A principios de enero de 1945, en una reunión de ministros en la cancillería, el Führer ordenó que todos los varones alemanes capaces de empuñar un arma debían ser alistados para el combate. Su ministro de armamento, Albert Speer, trató de convencerlo de que no se trataba de una buena idea. Eso implicaría que se paralizara el resto del país y en especial la industria. Para continuar la guerra se necesitaban los ferrocarriles, seguir generando armamento, la industria, las comunicaciones, las tareas logísticas que implicaban alimentación y abastecimiento. Hitler lo calló a los gritos. Martin Bormann y Joseph Goebbels lo secundaron. Lo único que necesitaban eran soldados, afirmaba el Führer. Y quien se opusiera a eso sería el responsable directo de una eventual derrota.
A esa altura la derrota tenía poco de eventual. Unos días después se produjo la Batalla de Ardenas y otra victoria decisiva, casi irreversible, de las fuerzas aliadas.
Fue en ese momento que Hitler decidió modificar alguno de sus hábitos. Había llegado el tiempo de descender al búnker.
El 16 de enero de 1945 Adolf Hitler se instaló en el Führerbunker, el búnker que había mandado a construir mucho antes debajo del edificio de la Cancillería.

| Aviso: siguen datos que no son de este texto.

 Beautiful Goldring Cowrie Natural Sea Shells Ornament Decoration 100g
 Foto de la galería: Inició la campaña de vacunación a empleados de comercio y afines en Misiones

Hitler siempre mostró temor a los atentados y a los posibles ataques aéreos. Albert Speer contó que ante cada nuevo proyecto edilicio, Hitler siempre reclamaba más búnkers. Cuando en 1933 dispuso que se construyera un anexo a la cancillería original, un salón de actos, ordenó que abajo se hiciera un refugio. Ese plan fue más ambicioso tres años después cuando Hitler le pidió a Speer que construyera una nueva Cancillería. Subterráneamente planeó un refugio antiaéreo sólido y con varios dispositivos y habitáculos. Pero el plan original proyectaba una posible ampliación.
En 1944 cuando ya las malas noticias caían de manera aluvional sobre Alemania, urgió acometer la ampliación. Los trabajos fueron contrarreloj. Las excavadoras trabajaban tres turnos diarios en el patio de la cancillería para que el monstruo bajo tierra tomara vida. Más de treinta ambientes, equipamiento, un sofisticado sistema de ventilación, el camuflaje perfecto para no ser descubierto y la inexpugnabilidad asegurada a través de gruesas paredes de hormigón que tenían, según el caso entre dos y cuatro metros de grosor; algunas de ellas reforzadas con capas de metales que las blindaban.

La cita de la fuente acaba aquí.